Timely and relevant information can fuel significant insights. From consumer or competitor patterns and behavior, anomaly detection, supply chain optimization and more. Developing a data ingestion strategy is therefore of quite importance. Data Ingestion is the process of loading a small or large amount of data, mainly for analytical needs, from a variety of sources coming in different formats and at different speed.
This is a necessary solution as, in data management, the amount of data is not the only valuable thing. The speed at which the data are produced and the time that is necessary to process them are also important factors.The sooner we have the information the sooner we can intervene.
A modern data ingestion platform should be able to:
- Integrate heterogeneous sources.
- Process small as well as large volume of data.
- Process heterogeneous formats.
- Accomodate data, which arrive at different speed.
- Support heterogeneous data sync (Polyglot Persistence).
- Elaborate complex logic and correlate with new or existing information.
- Support pull and push mechanisms.
- Be secure, fast, scalable and resilient.
- Be capable to run jobs on premise and/or on cloud.
- Support version control.
- Continuously ingest data using a unified model.
We designed a data ingestion solution and we called Unified Continuous Ingestion Platform. It’s a NoETL solutions, that brings us to the fast data approach, where we don’t see our data as big silo to process during several hours, but as a continuous stream flowing very fast and giving us meaningful up to date information.
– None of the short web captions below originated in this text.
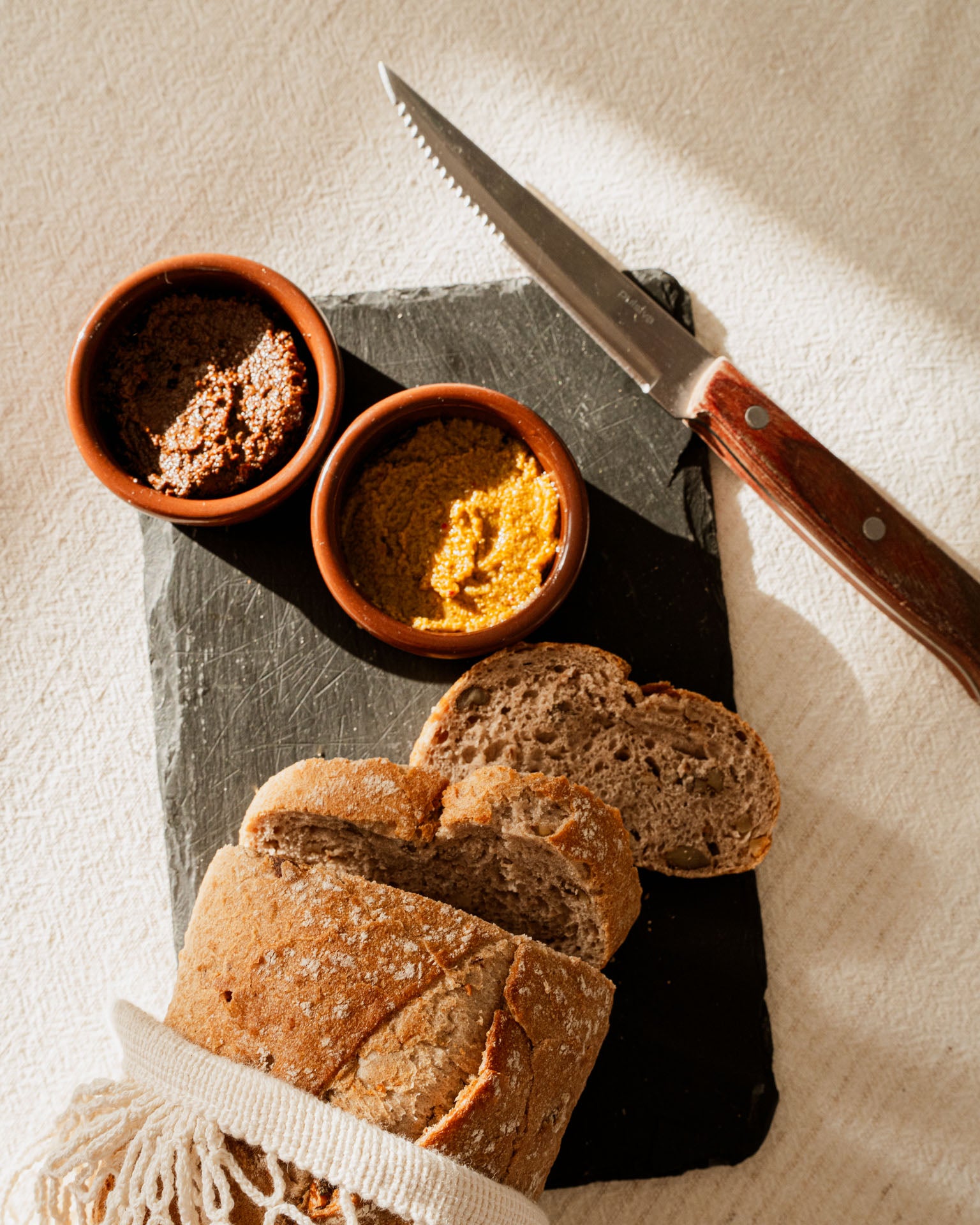 tapenade au piment d'epelette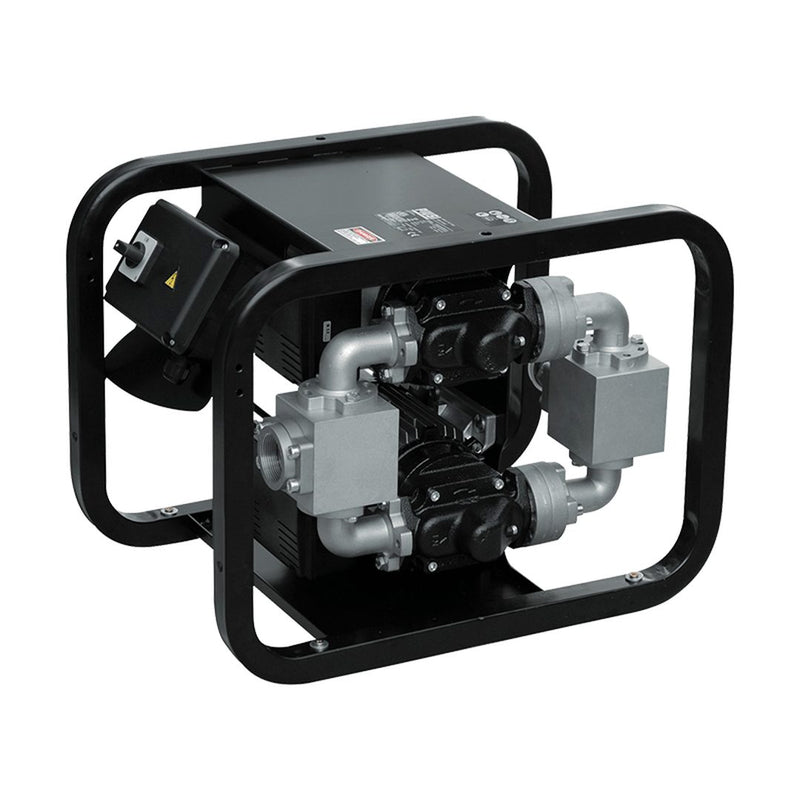 PIUSI ST200 Diesel Pump 240V AC 200lpm - GO Industrial - F00315000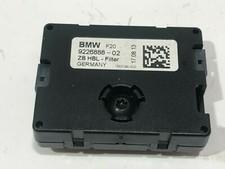 BMW 1 SERIES F20 ANTENNA NOISE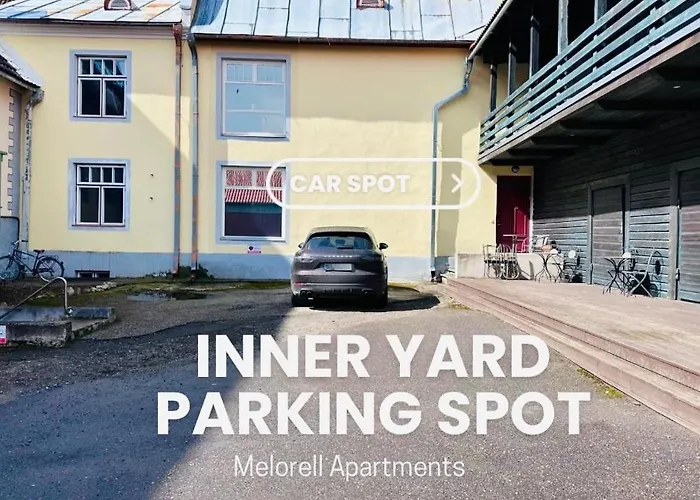 Melorell Apartmán Pärnu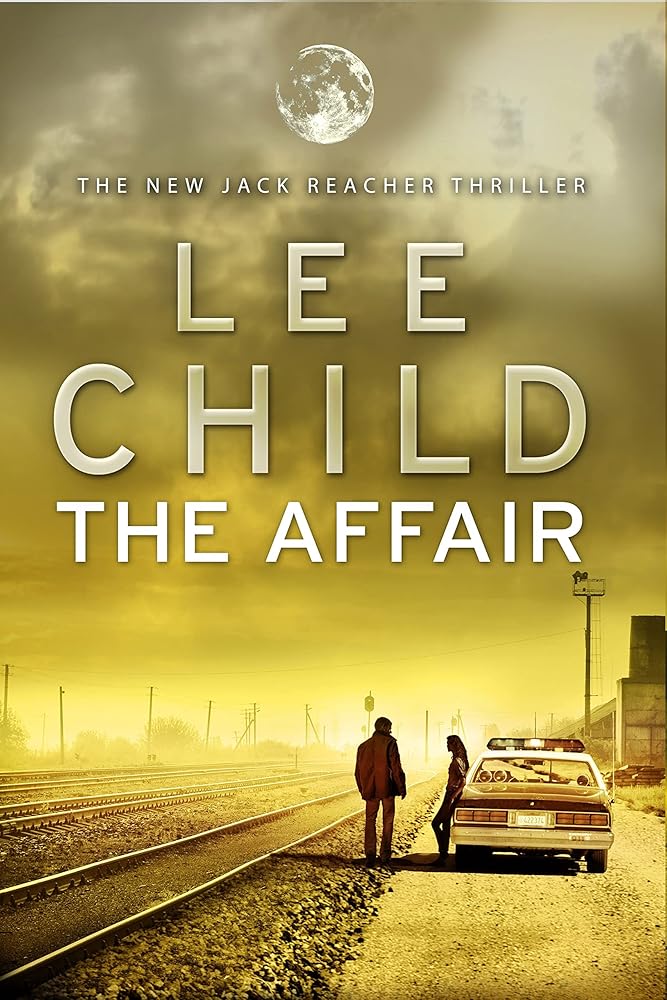 Affair cover image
Furthermore, our solution accommodates data, arriving at different speed; supports heterogeneous data sync (Polyglot Persistence); and elaborates complex logic and correlates with new or existing information.
Our platform is:
- unified: it uses the same language and the same technology for both batch and streaming; it is a more advanced system of delta architecture and overcomes the problems encountered with the lambda architecture because it does not need two different languages, two technologies and two changes;
- continuous: no task scheduler but active 7 days out of 7 and 24h; it’s full tolerant as restarts after the detection of a problem; it detects independently about which “track” send data (railway system);
- ingestion: it’s versionabile; it can anticipate how the data is to be processed and therefore anticipate the information and decisions; and finally it improves the research, processing and presentation of data.